Nationwide is to issue a new type of share to help boost its coffers ahead of new European banking legislation being introduced.
UK lenders are required to strengthen their balance sheets under new rules - which have to be complied with by 2019. From January this year, British lenders will have to disclose their leverage ratio in their financial statements.
Building societies, such as Nationwide, find it more difficult to raise funds as unlike banks, they cannot raise equity on the stock markets.
Currently, building societies can only rebuild capital from retained profits. Permanent Interest Bearing Shares or Pibs were introduced as a way of helping building societies to raise cash, but they do not qualify under new regulations because they are not loss-absorbing.
Financial analysts have argued that building societies should have a less stringent leverage ratio than banks as mortgage lending is less risky than some of the investment operations banks take part in.
Nationwide's new plan, first reported in the Telegraph in May 2012, is to issue core capital deferred shares (CCDS), which are currently untested in the UK market. The instrument was only approved by the Financial Services Authority (FSA) in May, but Nationwide quickly asked its members what they thought and gained a majority approval to use them.

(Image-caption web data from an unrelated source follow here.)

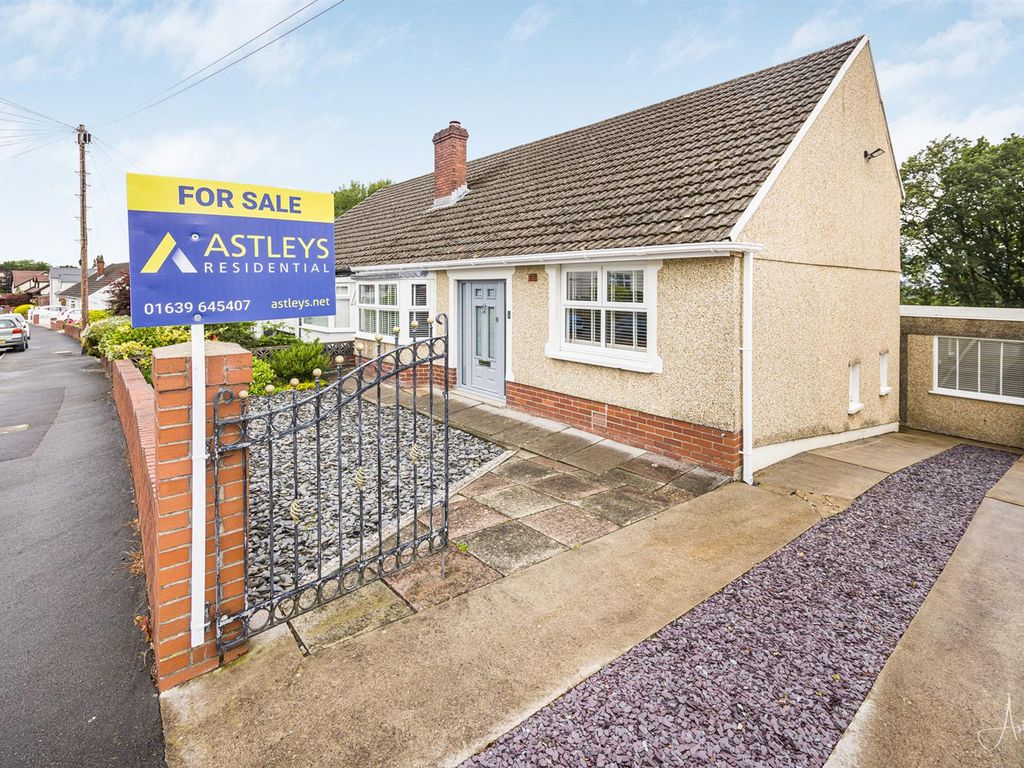 3 bed semidetached house for sale in Cimla Crescent, Cimla, Neath SA11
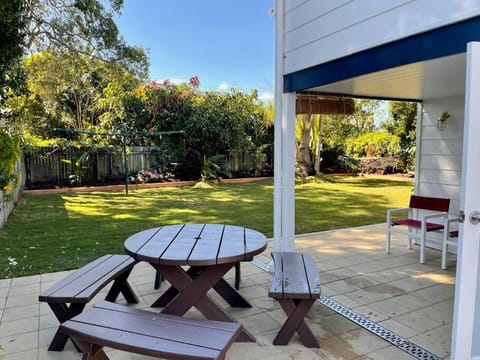 BAY PROPERTIES . The Sailor Shack Apartment in Yamba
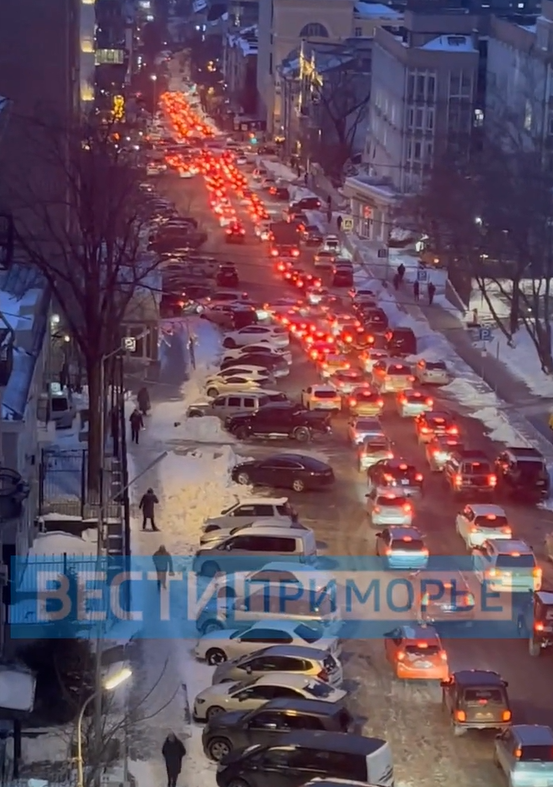 "Красный час пик": гигантские пробки сковали Владивосток
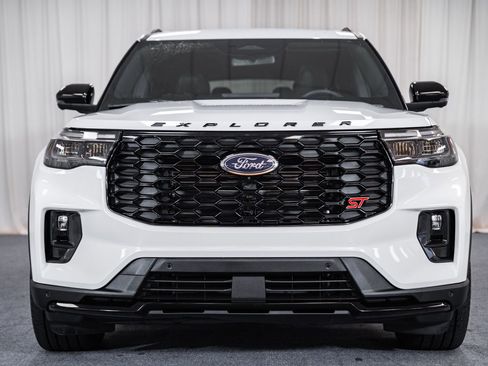 Used 2025 Ford Explorer ST w/ Sun And Sound Package AWD/4WD image 2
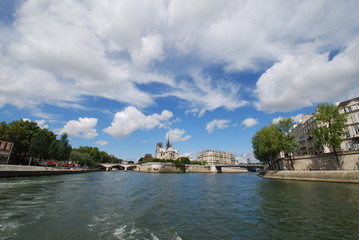 Fototapeta na wymiar Notre Dame de Paris; sky; waterway; cloud; water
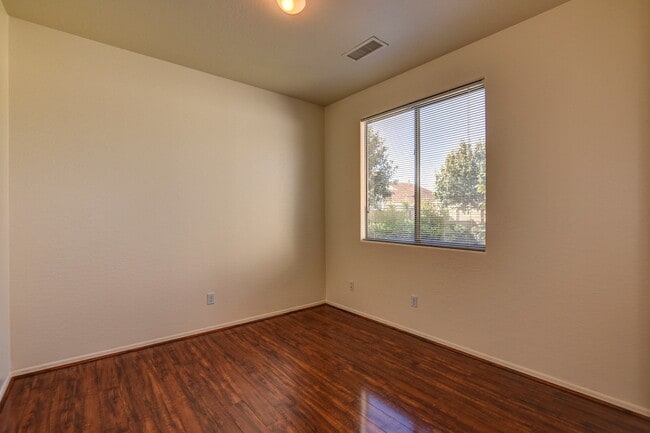 Building Photo - Upgraded 3 bed 2 bath StoneRidge Beauty!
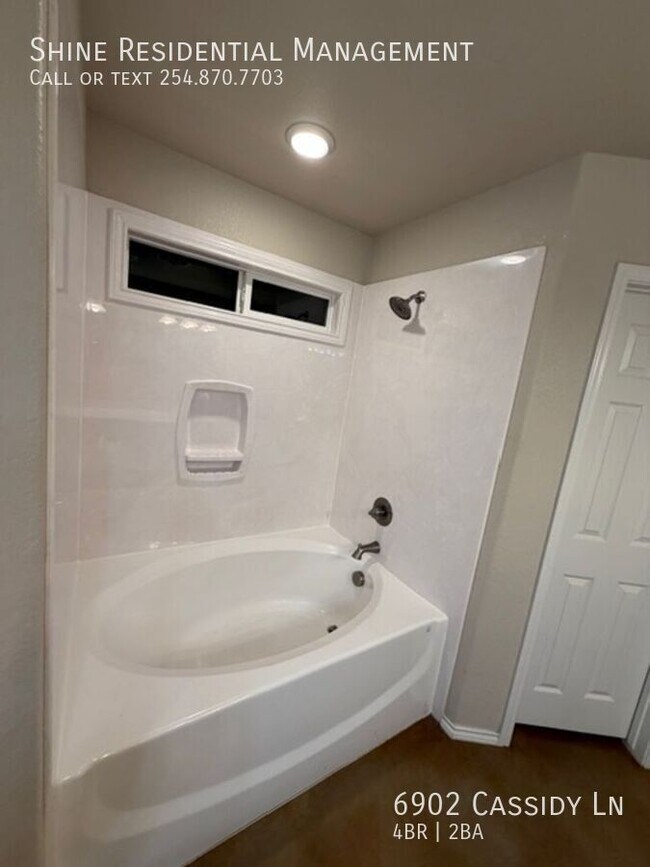 Building Photo - 6902 Cassidy Ln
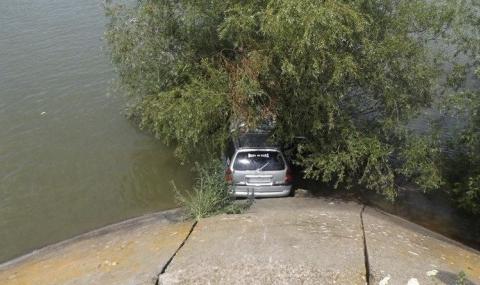 Дирят шофьора на паднал в Дунав лек автомобил - 1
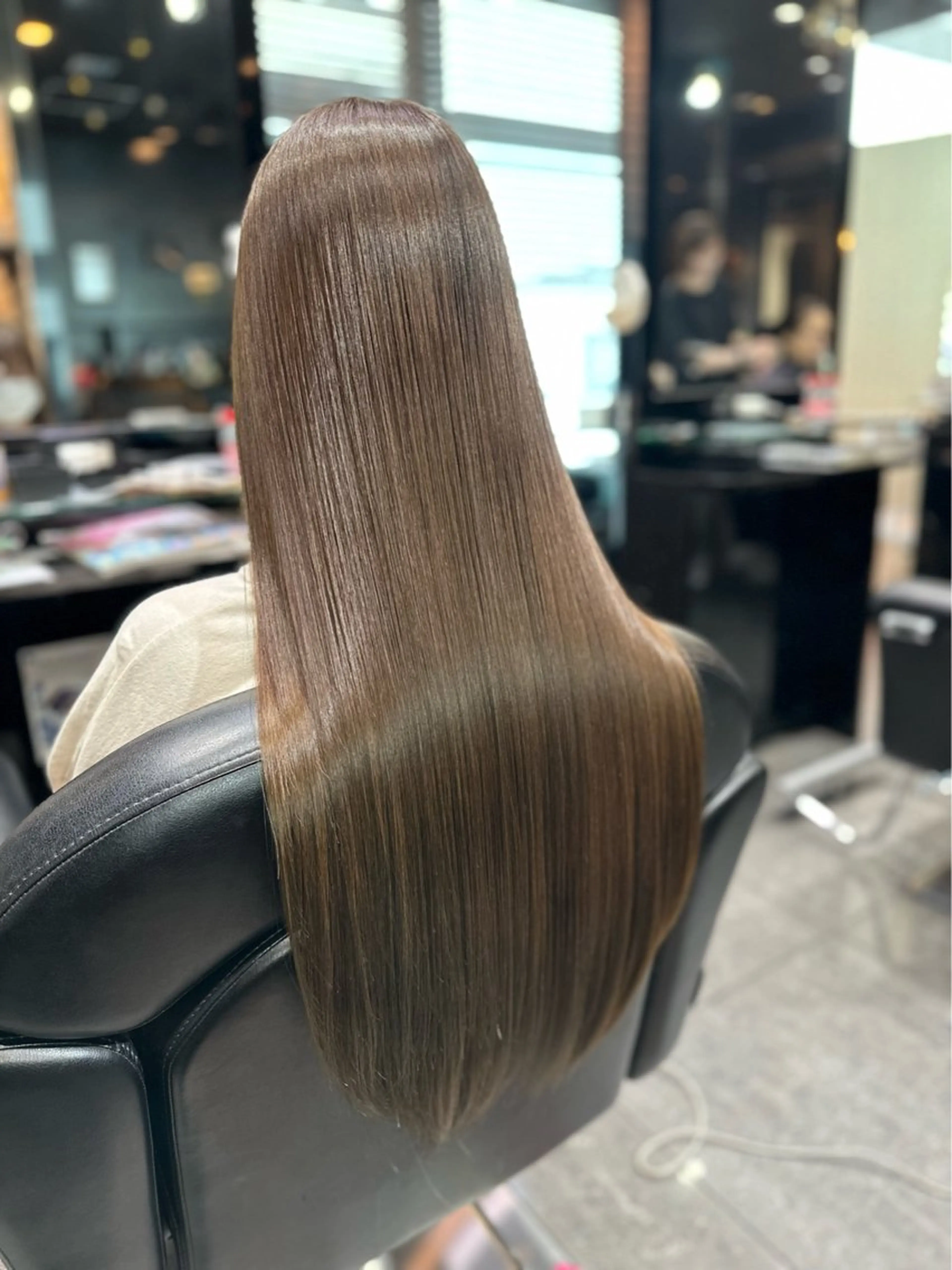 ロング 小川 夏魅のヘアスタイル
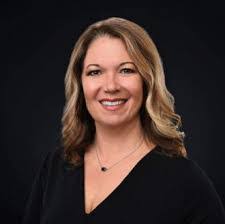 Anna Boles's Instagram, Twitter & Facebook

The shares will be issued through sophisticated investment vehicles to institutional shareholders predominantly, although a push for retail investors could not be ruled out at this stage, sources familiar with the situation told Huff Post UK.
No issuance plans have been made yet, but a successful CCDS issue would be a landmark moment for the industry, which has been struggling with strengthening its balance sheets since the financial crisis.